# [EXERCISE MATERIALS]
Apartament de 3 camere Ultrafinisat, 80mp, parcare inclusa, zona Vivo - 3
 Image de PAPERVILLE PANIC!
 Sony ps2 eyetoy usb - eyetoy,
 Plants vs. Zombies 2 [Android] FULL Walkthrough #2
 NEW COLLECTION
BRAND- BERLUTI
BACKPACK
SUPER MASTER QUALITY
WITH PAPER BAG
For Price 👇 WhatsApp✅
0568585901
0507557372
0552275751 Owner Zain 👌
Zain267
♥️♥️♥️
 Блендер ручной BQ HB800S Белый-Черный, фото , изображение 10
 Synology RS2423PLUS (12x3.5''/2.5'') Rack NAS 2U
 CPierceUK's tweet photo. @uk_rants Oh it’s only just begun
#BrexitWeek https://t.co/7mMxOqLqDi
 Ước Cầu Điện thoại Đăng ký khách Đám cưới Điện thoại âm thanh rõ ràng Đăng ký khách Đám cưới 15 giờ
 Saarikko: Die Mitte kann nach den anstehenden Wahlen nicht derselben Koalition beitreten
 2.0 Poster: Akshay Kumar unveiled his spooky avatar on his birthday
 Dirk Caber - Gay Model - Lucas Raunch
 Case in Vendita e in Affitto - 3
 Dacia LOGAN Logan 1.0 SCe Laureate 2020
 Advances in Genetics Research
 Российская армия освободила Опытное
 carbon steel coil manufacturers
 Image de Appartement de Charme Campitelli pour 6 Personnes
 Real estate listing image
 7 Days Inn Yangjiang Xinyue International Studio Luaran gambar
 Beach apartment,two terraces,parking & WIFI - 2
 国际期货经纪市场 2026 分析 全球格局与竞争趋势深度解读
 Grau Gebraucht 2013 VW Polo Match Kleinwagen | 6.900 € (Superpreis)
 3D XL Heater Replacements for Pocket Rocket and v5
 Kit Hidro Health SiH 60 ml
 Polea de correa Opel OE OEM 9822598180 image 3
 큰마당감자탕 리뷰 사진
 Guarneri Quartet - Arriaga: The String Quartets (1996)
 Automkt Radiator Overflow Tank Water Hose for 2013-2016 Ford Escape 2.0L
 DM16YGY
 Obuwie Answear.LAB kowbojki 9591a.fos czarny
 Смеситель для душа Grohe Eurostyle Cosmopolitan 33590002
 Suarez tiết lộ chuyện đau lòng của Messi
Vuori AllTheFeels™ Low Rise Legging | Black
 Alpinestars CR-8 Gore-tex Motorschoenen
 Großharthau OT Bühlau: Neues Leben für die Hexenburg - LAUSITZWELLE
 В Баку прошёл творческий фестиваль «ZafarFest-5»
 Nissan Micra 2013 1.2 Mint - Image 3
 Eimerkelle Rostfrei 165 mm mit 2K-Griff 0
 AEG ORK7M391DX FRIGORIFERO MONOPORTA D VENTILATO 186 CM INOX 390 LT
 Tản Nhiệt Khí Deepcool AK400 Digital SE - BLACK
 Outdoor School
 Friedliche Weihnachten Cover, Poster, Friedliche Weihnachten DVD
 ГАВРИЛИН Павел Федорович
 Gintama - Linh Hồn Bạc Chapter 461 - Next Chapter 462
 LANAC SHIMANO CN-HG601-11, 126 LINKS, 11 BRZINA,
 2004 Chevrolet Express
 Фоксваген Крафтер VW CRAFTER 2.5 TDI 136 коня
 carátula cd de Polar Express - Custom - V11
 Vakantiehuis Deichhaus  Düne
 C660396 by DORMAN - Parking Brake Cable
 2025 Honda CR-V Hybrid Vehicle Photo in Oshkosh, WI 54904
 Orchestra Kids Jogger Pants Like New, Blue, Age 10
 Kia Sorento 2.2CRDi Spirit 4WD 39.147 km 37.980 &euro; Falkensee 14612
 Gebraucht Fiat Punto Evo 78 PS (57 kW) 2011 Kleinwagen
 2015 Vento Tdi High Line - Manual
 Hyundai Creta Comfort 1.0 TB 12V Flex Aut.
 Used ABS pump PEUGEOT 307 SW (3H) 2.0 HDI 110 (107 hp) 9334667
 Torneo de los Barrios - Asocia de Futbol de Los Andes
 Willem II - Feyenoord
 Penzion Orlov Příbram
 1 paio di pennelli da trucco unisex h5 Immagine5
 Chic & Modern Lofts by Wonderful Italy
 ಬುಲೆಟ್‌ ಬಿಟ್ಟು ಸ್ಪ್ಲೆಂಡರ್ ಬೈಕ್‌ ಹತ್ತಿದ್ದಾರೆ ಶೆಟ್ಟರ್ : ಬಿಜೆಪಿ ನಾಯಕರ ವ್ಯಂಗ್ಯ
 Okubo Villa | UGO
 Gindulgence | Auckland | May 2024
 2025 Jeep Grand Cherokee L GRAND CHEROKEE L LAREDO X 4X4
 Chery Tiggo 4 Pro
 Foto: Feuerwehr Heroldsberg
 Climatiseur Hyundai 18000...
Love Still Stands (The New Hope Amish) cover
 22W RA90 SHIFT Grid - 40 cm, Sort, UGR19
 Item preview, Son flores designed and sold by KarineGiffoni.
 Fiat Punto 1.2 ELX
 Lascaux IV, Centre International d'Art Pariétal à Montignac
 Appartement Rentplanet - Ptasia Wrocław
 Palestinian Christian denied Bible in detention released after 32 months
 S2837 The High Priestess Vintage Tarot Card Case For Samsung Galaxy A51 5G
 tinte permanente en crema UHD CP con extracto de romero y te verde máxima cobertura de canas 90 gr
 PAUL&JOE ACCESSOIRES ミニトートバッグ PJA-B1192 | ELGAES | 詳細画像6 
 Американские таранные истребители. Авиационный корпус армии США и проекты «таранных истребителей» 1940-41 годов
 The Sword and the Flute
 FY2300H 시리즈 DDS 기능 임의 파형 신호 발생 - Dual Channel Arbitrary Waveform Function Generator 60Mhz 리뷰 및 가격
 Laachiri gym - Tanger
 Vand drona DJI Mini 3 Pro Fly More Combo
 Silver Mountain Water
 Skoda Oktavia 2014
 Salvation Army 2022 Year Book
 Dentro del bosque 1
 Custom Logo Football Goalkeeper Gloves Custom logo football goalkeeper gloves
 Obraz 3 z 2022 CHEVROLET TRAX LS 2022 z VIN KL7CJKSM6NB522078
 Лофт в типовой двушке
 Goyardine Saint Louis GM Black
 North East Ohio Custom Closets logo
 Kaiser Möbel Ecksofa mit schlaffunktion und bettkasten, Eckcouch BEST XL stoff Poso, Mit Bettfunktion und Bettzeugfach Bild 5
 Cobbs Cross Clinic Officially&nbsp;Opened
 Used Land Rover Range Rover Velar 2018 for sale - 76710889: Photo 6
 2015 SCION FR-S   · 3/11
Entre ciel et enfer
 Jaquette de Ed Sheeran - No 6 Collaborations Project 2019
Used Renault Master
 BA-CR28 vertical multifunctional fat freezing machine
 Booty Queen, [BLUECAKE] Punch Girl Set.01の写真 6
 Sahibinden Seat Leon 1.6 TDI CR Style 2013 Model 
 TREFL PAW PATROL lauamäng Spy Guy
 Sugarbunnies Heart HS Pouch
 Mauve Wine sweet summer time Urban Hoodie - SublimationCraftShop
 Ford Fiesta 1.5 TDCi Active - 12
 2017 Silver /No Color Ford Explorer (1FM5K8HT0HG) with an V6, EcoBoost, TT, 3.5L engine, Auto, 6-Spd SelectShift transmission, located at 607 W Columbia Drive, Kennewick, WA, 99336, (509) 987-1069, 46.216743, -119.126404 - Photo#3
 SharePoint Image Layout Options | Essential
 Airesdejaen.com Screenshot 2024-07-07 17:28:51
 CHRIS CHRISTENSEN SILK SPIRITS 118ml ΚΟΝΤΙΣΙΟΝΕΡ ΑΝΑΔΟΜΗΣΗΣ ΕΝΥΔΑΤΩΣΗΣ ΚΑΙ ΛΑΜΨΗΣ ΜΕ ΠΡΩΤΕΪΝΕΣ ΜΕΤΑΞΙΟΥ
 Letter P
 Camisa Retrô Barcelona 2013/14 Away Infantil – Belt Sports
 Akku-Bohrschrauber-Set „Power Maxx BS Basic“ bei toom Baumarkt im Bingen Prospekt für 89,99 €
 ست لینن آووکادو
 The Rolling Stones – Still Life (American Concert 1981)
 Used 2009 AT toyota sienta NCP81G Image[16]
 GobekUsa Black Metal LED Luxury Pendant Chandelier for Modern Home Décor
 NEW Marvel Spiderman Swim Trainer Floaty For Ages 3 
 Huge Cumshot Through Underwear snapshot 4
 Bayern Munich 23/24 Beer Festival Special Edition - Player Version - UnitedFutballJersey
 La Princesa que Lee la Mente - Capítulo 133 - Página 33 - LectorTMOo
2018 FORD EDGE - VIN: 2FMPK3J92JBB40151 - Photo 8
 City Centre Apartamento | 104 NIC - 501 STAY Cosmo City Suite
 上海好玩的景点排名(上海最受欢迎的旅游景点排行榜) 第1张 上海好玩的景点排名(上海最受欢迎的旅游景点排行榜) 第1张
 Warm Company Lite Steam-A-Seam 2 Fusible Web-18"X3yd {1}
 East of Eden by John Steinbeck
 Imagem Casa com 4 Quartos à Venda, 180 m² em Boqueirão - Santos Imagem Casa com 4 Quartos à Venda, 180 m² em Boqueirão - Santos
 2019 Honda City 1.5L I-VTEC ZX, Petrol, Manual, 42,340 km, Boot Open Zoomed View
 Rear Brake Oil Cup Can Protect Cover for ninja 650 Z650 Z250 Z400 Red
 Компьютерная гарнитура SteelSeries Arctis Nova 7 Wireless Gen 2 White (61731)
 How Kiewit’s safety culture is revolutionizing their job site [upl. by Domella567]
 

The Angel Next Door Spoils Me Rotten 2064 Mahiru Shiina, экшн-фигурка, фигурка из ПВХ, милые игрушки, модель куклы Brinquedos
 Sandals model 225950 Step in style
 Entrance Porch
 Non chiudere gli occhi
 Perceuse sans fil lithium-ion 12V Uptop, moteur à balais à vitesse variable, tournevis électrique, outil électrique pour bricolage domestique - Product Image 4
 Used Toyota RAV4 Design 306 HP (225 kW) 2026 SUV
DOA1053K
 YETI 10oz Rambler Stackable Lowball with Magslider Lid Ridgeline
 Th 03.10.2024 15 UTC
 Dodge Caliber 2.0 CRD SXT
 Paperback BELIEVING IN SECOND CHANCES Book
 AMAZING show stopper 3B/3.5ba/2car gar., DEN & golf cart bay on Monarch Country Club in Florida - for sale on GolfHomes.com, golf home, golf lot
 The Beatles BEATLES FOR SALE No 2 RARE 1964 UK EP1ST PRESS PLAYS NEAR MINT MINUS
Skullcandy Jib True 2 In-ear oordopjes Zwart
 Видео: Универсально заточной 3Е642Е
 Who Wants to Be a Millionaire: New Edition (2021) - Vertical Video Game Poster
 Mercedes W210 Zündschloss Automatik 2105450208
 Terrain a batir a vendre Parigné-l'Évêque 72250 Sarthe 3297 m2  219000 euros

# [WORK ORDER]
Starting at the first line of the data above, retype each line exactly until you reach the line containing "0552275751 Owner Zain 👌", and include that line too.

# [RESULT OF THIS EXERCISE]
Apartament de 3 camere Ultrafinisat, 80mp, parcare inclusa, zona Vivo - 3
 Image de PAPERVILLE PANIC!
 Sony ps2 eyetoy usb - eyetoy,
 Plants vs. Zombies 2 [Android] FULL Walkthrough #2
 NEW COLLECTION
BRAND- BERLUTI
BACKPACK
SUPER MASTER QUALITY
WITH PAPER BAG
For Price 👇 WhatsApp✅
0568585901
0507557372
0552275751 Owner Zain 👌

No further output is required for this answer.